Hunderttausende Sinti, Roma und Menschen anderer Zugehörigkeiten wurden zwischen 1933 und 1945 unter der Rassenideologie der Nationalsozialisten verfolgt und ermordet. Nach dem Krieg blieben sie in beiden Teilen Deutschlands aus der offiziellen Gedenkkultur ausgeschlossen. Erst auf das beharrliche Bestreben des Zentralrates der Deutschen Sinti und Roma wuchs Jahrzehnte nach Kriegsende das öffentliche Bewusstsein und mit ihm die Bereitschaft der Bundesregierung, einen Erinnerungsort einzurichten.
„Eine Mahnung für die Zukunft, sich für den Schutz von Minderheiten einzusetzen.“
Direkt gegenüber dem Parlament, dem Zentrum der demokratischen Willensbildung, hat das Denkmal einen symbolisch zentralen Ort. Es soll, so die Geleitworte, nicht nur die Opfer ehren, „sondern (…) auch für die Zukunft eine eindringliche Mahnung und Aufforderung (sein), gegen die Diskriminierung von Sinti und Roma anzugehen“ und dazu aufrufen, sich den Menschenrechten und dem Schutz von Minderheiten zu verpflichten.
Die späte Errichtung dieses Denkmals spiegelt wider, wie Erinnern und Gedenken stets von den Debatten der Gegenwart geprägt sind, sich im Laufe der Zeit verändern und neu konfigurieren. Erinnerung ist immer vielstimmig: Jenseits des offiziellen Gedenkens gibt es vielfältige alternative Erinnerungen, die oftmals erst auf die langjährige Initiative einzelner Gruppen hin sichtbar gemacht werden.
Viele in Deutschland lebende Sinti und Roma erleben heute strukturelle Benachteiligung, rassistische Ausgrenzung oder gar direkte Angriffe. Die Errichtung eines Denkmals allein reicht noch lange nicht aus, um gesellschaftliche Strukturen von Diskriminierung zu verändern.
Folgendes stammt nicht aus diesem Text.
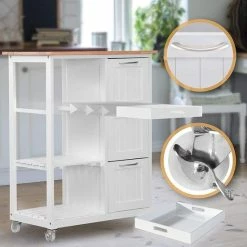 Hete verkoop 👏 Miadomodo Keukentrolley 3 Lades (wit) - 67 X 37 X 84 Cm - Sterke Wielen - Verrijdbaar - Grenen Hout 🥰 -Dyson-winkel 550x550 195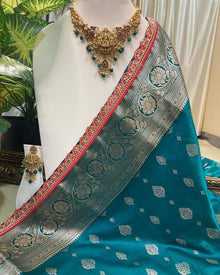 TEAL BLUE SATIN SILK SAREE WITH RED LACE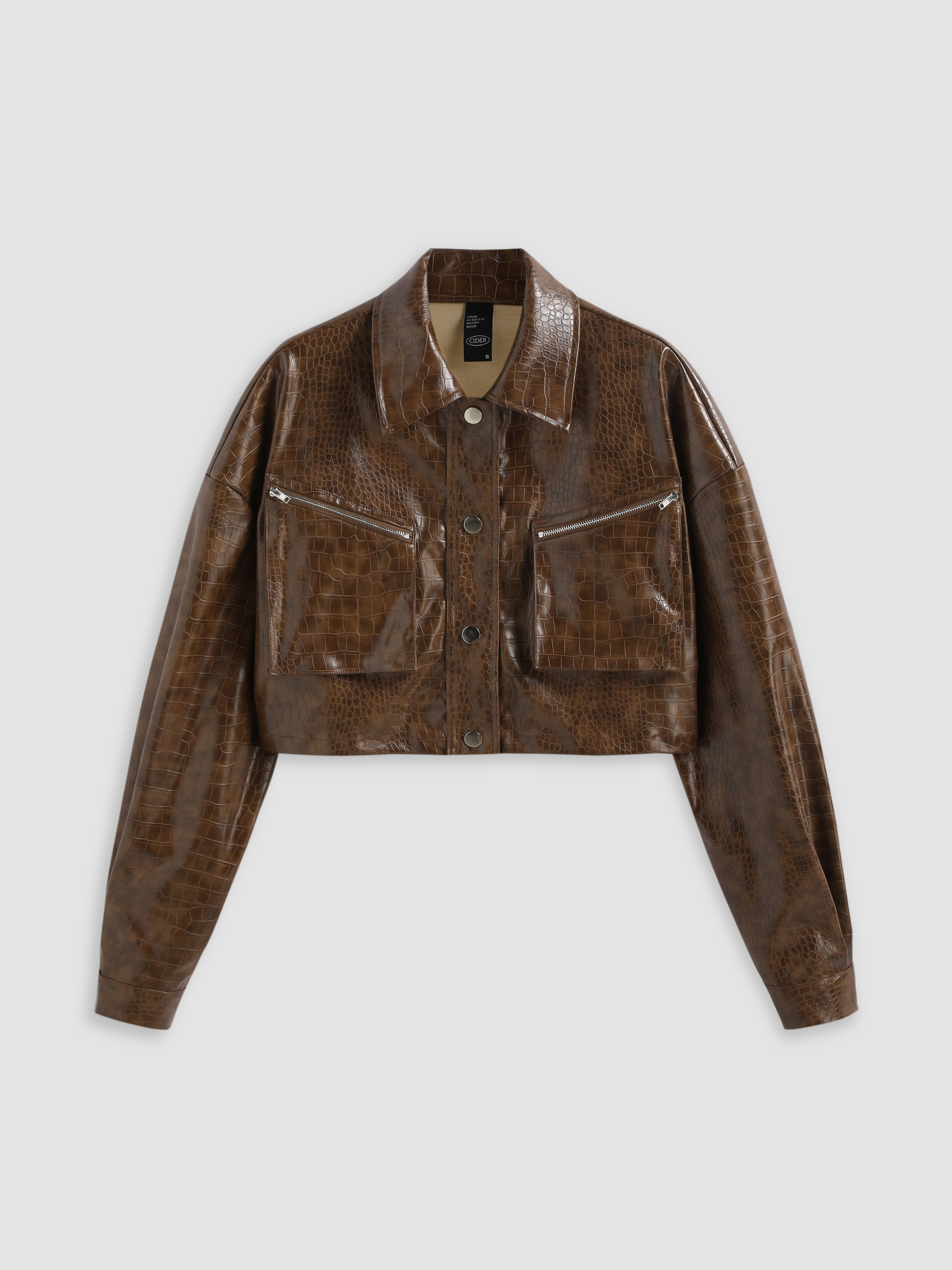 Faux Leather Solid Collar Oversized Pocket Crop Jacket Cider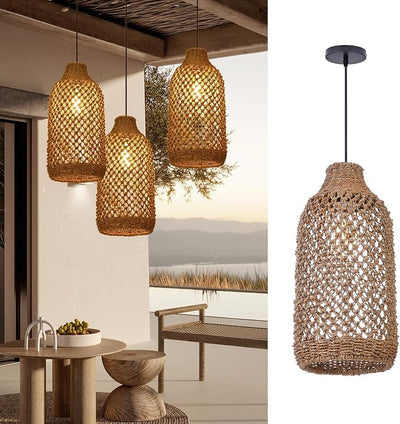 Lámpara colgante ratán bohemio para cocina comedor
Doch Orte wie dieser laden uns ein, das Erinnern von Vergangenem mit einem Bewusstsein für Ausgrenzungen in der Gegenwart zu verbinden und uns heute für ein inklusives Verständnis von Vielfalt und Menschenrechten in unserer Gesellschaft einzusetzen.
Zur Reflexion: Welche Erfahrungen ausgegrenzter Gruppen sind in unserer heutigen Gedenkkultur ausgeblendet?